YOUR OBJECTIVE
None of the pictures should be copied, though every line of the listing must be printed exactly.

[GIVEN MATERIAL Boundary: Start]

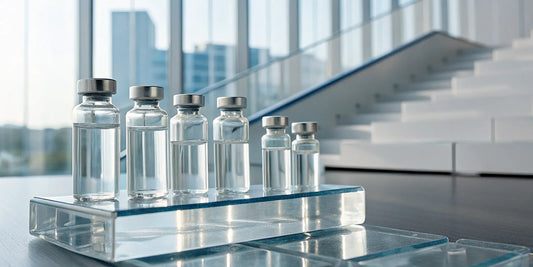 Research peptide vials from top companies undergoing a purity review.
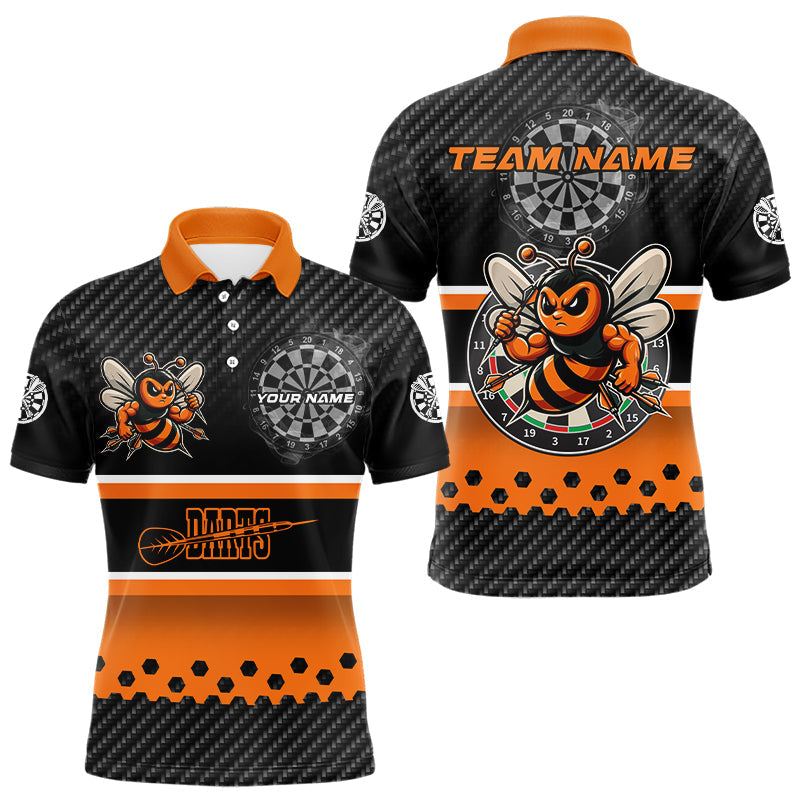 Schwarz-orangenes individuelles Dart-Poloshirt für Herren, beste Dart-Geschenke, Darttrikot TDM3263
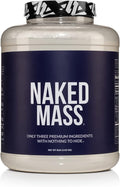 NAKED Mass - Natural Weight Gainer Protein Powder - 8 LB Bulk, NSF Certified, GMO Free, Gluten Free & Soy Free. No Artificial Ingredients - 1,250 Calories per Serving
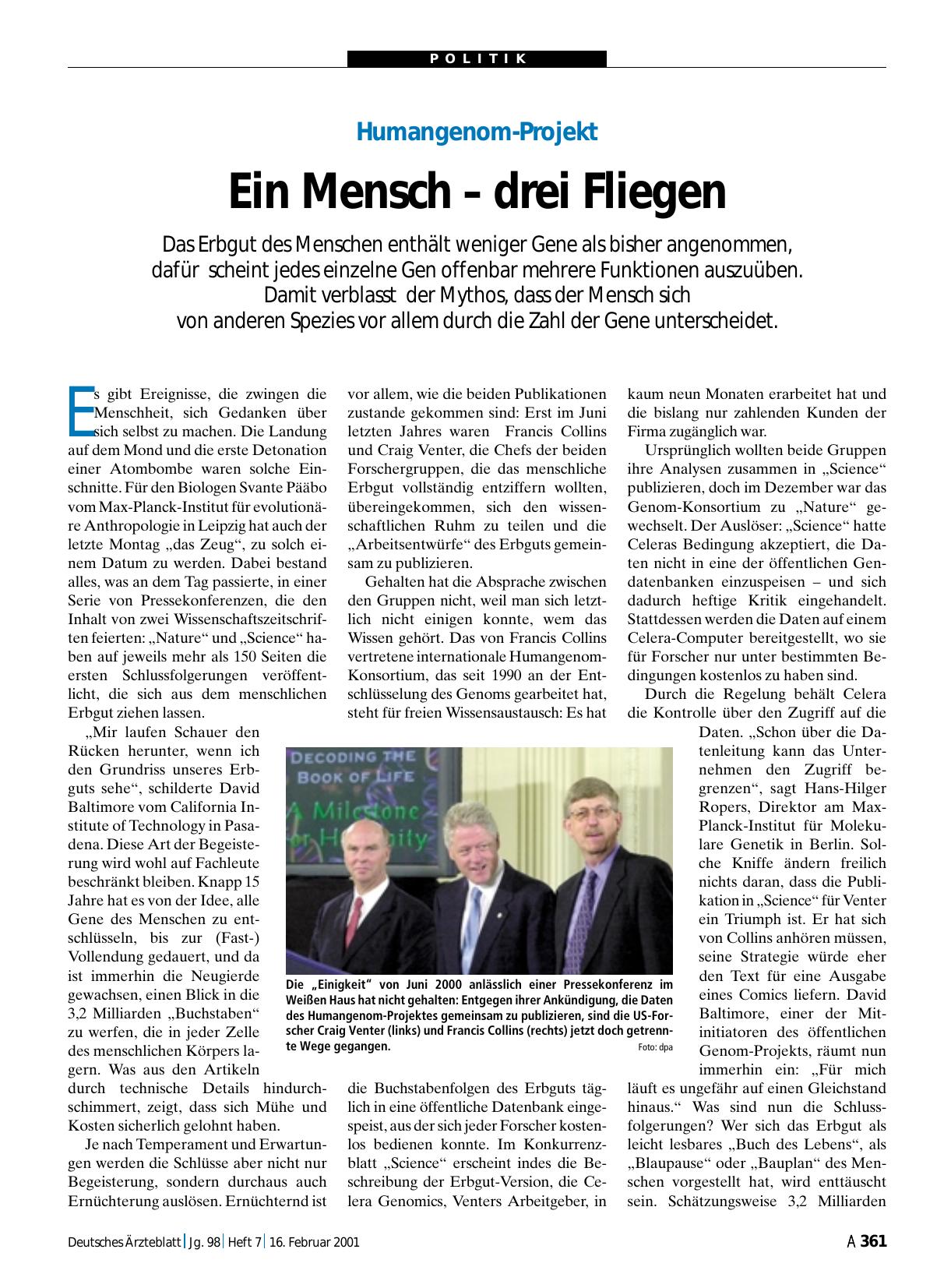 Vorschauseite 1: Humangenom-Projekt: Ein Mensch – drei Fliegen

[GIVEN MATERIAL Boundary: End]

WRITTEN SOLUTION
 Research peptide vials from top companies undergoing a purity review.
 Schwarz-orangenes individuelles Dart-Poloshirt für Herren, beste Dart-Geschenke, Darttrikot TDM3263
 NAKED Mass - Natural Weight Gainer Protein Powder - 8 LB Bulk, NSF Certified, GMO Free, Gluten Free & Soy Free. No Artificial Ingredients - 1,250 Calories per Serving
 Vorschauseite 1: Humangenom-Projekt: Ein Mensch – drei Fliegen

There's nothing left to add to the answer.